What Is the best age to neuter a male?
Chôco is 5 months old, and many people say that he needs to say goodbye to his boy parts at 6 months..
Is that correct??
And as usual, Chôco went for a big big hike today, and once more, he wants to share some pictures with you folks 

"Hey guys with the hot weather , why don't you join me for a hike in the fresh air of the alpine glaciers!!"


----------



## Païllâsse (Jun 14, 2016)

And once again the spootanist (poodle botanist) strikes again, please let me present you the famous edelweiss or Etoile des neiges (literally the snow stars) !!


----------



## MollyMuiMa (Oct 13, 2012)

NO! NO! NO! 6 months for a spoo is waaaaay too young! Here are a few facts taken from 'Dogs Naturally Magazine'...............If you absolutely must neuter him, at least wait until his growth plates have closed. IMO keeping a unneutered male is much simpler than keeping an unspayed female.......so I would probably always spay a female, but unless my male were showing unwanted behaviors that are male associated, I'd keep him intact ...JMO


----------



## Kassie (Apr 7, 2016)

I was told very strongly by breeder of my shepherd and the vet NOT to neuter before 2 years of age. The toy poodle pup, the same vet says 6 months is fine. 


Sent from my iPhone using Tapatalk


----------



## Sammy the spoo (Jul 7, 2016)

My vet told me 6-12 months for neutering, but I am hoping to wait at least till 1 year old to see how Sammy matures (unless I learn more benefits of early neutering). Even then I'm still very undecided on this . There are many school of thoughts on this matter . 

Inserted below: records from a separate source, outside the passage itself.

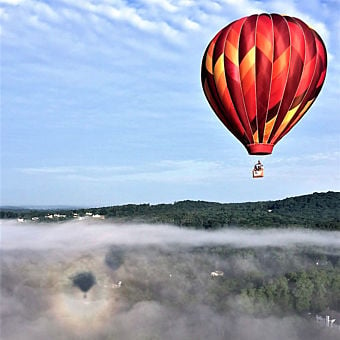 Private Hot Air Balloon Ride For 2 - Hudson, NY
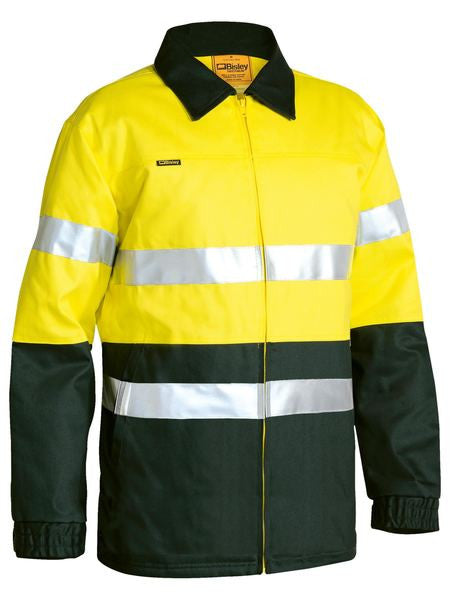 Bisley  Taped Hi Vis Drill Jacket BK6710T - Clearance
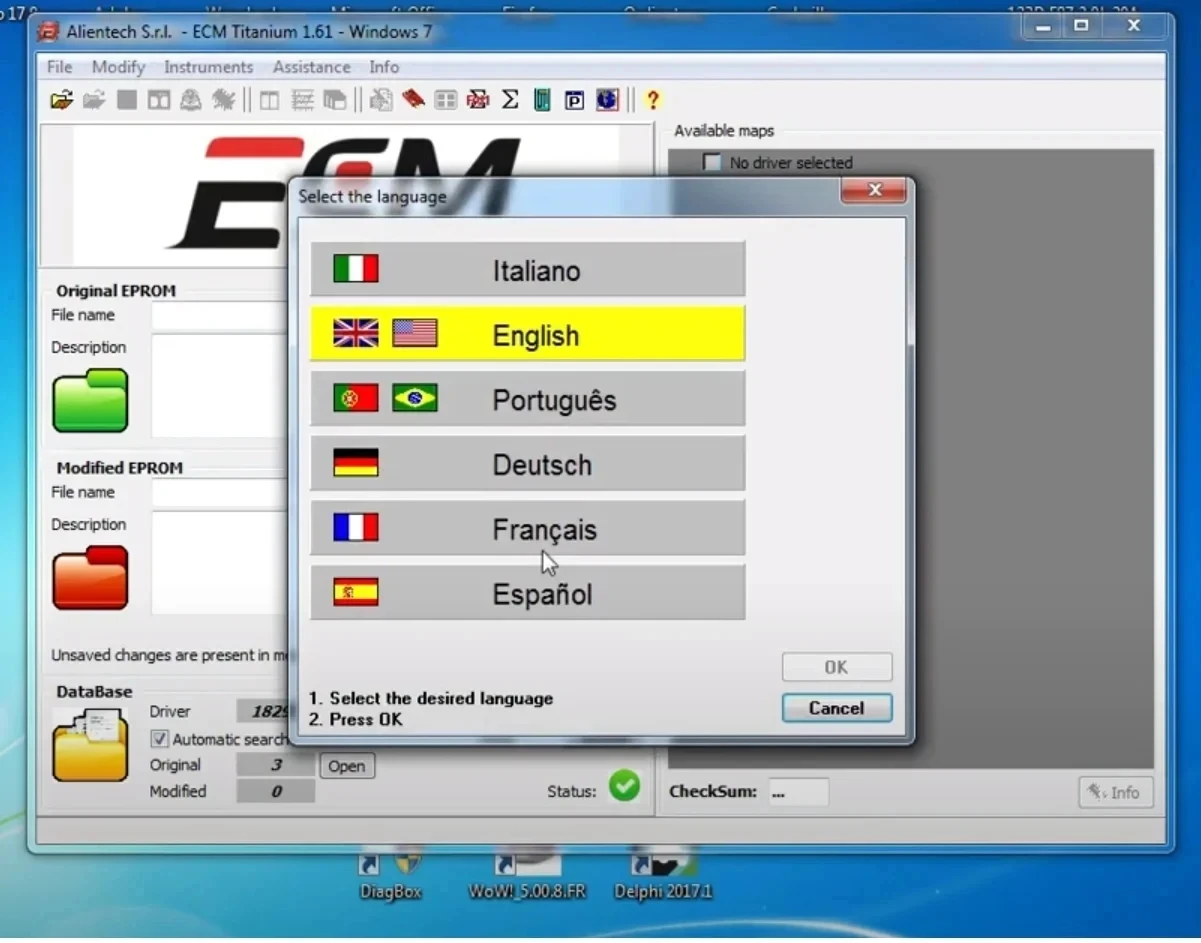 ECM TITANIUM 1.61 With 26000 obd2 scanner Software + Driver ECM 18259 + Drivers for ecu Car Maintenance Tools support windows 10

Also it sounds like the dog culture is much different than that of North America in your area - is it my understanding that most people get their dogs neutered quite early? I'm not sure what would be your cultural implication of delaying the procedure. 

I love all your pictures BTW!!! It us beautiful and makes me jealous of your mountains! We are in such flat land here!!

Sent from my A0001 using Tapatalk


----------



## someday (May 3, 2016)

There is some research out there on neutering and growth/development (growth plates fusing later, muscle development). It is up to you to come to a conclusion based on research, but from people I know personally, they largely wish they had put off the neutering longer than they did for their past males. Someone I know has had not one, but TWO males that were neutered very early and each were eventually put down at a young age due to repeated leg/elbow trauma related to their overly-long legs. They were also bigger dogs than the breed should have been to be considered healthy.


----------



## oshagcj914 (Jun 12, 2016)

I'm gonna throw in another vote for later rather than sooner. My ex has him now, but Finn (Great Dane) is 2 and still intact, and the only issue we've ever had with that is that other neutered male dogs tend to target him, which is easily avoided by not going to free for alls at the dog park. Asaah was spayed at 2 ½. There's a lot of evidence that leaving them intact is healthier overall than spaying/neutering, but I'm also a fan of the average pet owner spaying/neutering, so my compromise is to wait until they're done growing.


----------



## lily cd re (Jul 23, 2012)

Javelin will be 15 months old in 2 weeks. He is still intact and will remain so until he is at least 2 years old. At that time I will make a decision based on behavioral matters.

One reason to think of neutering is that intact older males are more likely to develop prostate problems than neutered males. We are dealing with urological and prostate issues with our soon to be 8 year old intact German Shepherd dog.


----------



## fjm (Jun 4, 2010)

I would certainly wait, and consider not neutering at all. There is a lot of research that indicates that unneuterred males are healthier and live longer than neutered. It is a decision that you need to make based upon how the risks/benefits add up for you and your particular dog in your particular circumstances, though.

Useful research papers:
Long-Term Health Risks and Benefits Associated with Spay / Neuter in Dogs
Benefits and Risks of Neutering–An Evidence-Based Approach | The SkeptVet


----------



## Mfmst (Jun 18, 2014)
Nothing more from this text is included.